SHARPSVILLE—Before Ray Andel’s tenants left the picnic on the lawn of Trail Blazer Building Apartments, the property owner wanted to make sure the still-displaced residents had a chance to “face the dragon.”
Fire broke out on the ground floor of the schoolhouse-turned apartment complex in the early-morning hours on Aug. 1 and displaced 22 residents due to severe smoke damage. A resident at the apartment complex, 25-year-old Courtney Speir-Chrastina, has been charged with starting the fire.
Andel organized the picnic Friday to answer questions from the still-displaced residents and give an update on the status of the building. But the property owner also hoped to provide his tenants with some closure by showing them the site of the fire and explaining the events of that night, as he knows them.
“You need mental closure,” Andel said. “We do a crappy job of dealing with change as a society. We need to have this picnic to address the change they are going through.”
After a roughly hour-long information session, Andel showed the tenants to the ground floor of the apartment where the fire was started outside of Speir-Chrastina’s unit.
The apartment hallway’s white walls were darkened with soot as Andel led tenants down the apartment corridor. Once the group reached the fire’s source, Andel pointed out four small charred spots, roughly one foot in diameter, on the floor where the fire was ignited.
Andel then invited the residents into Chrastina-Speir’s former unit. Fire investigators had already ripped up the unit’s carpeting, he said, but the smell of gasoline still remained. Before the carpets were removed, Andel said he was told by fire investigators that gas stains covered the carpet and bedding in the unit.
“The intent was to catch this on fire,” he said as he pointed into the apartment. Andel then turned his attention to the charred entrance door of Speir-Chrastina’s unit, which he said was shut when the fire started. “This door could have saved everyone’s lives.”
Jim Costello, 67, been living at Trail Blazer Apartments since 2001, but his association with the building goes back much further than that. His current unit was also his homeroom when he was a student at the Sharpsville school in the 1960s.
Costello chose not to “face the dragon” Friday.
“I just have no desire,” he said. “But I’ll be OK as long as I can come back to my home. I don’t want to live anywhere else.
Costello said he was awakened at roughly 2:30 a.m. Aug. 1 to the sound of a neighbor banging on his door.
“I opened the door and faced a wall of smoke,” Costello said. “I couldn’t see my hand in front of my face.”
For now, Costello is staying at the Quality Inn in Hermitage, but he has confidence Andel will get everyone back home as soon as possible.
“He’s doing everything he can to get us back in,” Costello said of his landlord. “He’s working his butt off.”
Andel said Servpro, the company in charge of the fire cleanup, is still evaluating damage inside the building.

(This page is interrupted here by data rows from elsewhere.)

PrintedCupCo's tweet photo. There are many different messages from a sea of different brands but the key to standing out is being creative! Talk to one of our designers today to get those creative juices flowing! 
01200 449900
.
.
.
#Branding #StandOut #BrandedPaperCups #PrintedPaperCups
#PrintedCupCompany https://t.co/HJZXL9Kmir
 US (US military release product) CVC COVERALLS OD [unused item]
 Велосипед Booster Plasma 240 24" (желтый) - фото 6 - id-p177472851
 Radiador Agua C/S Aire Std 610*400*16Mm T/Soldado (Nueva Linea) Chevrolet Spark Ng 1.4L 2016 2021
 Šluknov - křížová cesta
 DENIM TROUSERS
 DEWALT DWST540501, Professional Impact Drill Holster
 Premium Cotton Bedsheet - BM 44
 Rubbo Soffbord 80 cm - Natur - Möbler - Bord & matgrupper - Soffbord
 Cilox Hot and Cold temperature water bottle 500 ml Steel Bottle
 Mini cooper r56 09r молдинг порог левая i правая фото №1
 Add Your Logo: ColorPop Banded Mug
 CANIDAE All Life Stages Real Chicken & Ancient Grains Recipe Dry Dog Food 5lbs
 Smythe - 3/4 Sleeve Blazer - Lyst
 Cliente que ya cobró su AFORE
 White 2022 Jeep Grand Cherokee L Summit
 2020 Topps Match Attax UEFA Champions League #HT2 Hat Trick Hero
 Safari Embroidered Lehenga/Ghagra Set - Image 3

Until the assessment is completed, Andel said he did not have a timetable for when the still-displaced residents will be able to return home, if they choose to.
So far, he said, the damages are up to $86,000 and still climbing.
“It’s sad to know how much damage was done considering how small the area of the fire is,” Andel said.
Aside from structural damage, Andel said most of the tenants’ food and refrigerators would need to be discarded due to smoke damage. Upon hearing that news, Andel said Mercer County State Bank reached out to him and offered to start a food drive for affected residents.
“And they were actually the ones to reach out to me,” he said.
Last week’s fire hit especially close to home for Andel, who got emotional when talking about a fire in Meadville in 1984 that claimed the life of his aunt, along with seven children.
“I just didn’t think (fire) would strike again,” he said.
State Rep. Mark Longietti, D-7, Hermitage, and Sharpsville City Manager Ken Robertson both attended Thursday’s picnic, and Andel said he was touched by the amount of community support for him and his residents, whom he refers to as his “extended family.”
“It’s tough,” he said. “Not only was I sucker punched, but my extended family was sucker punched.”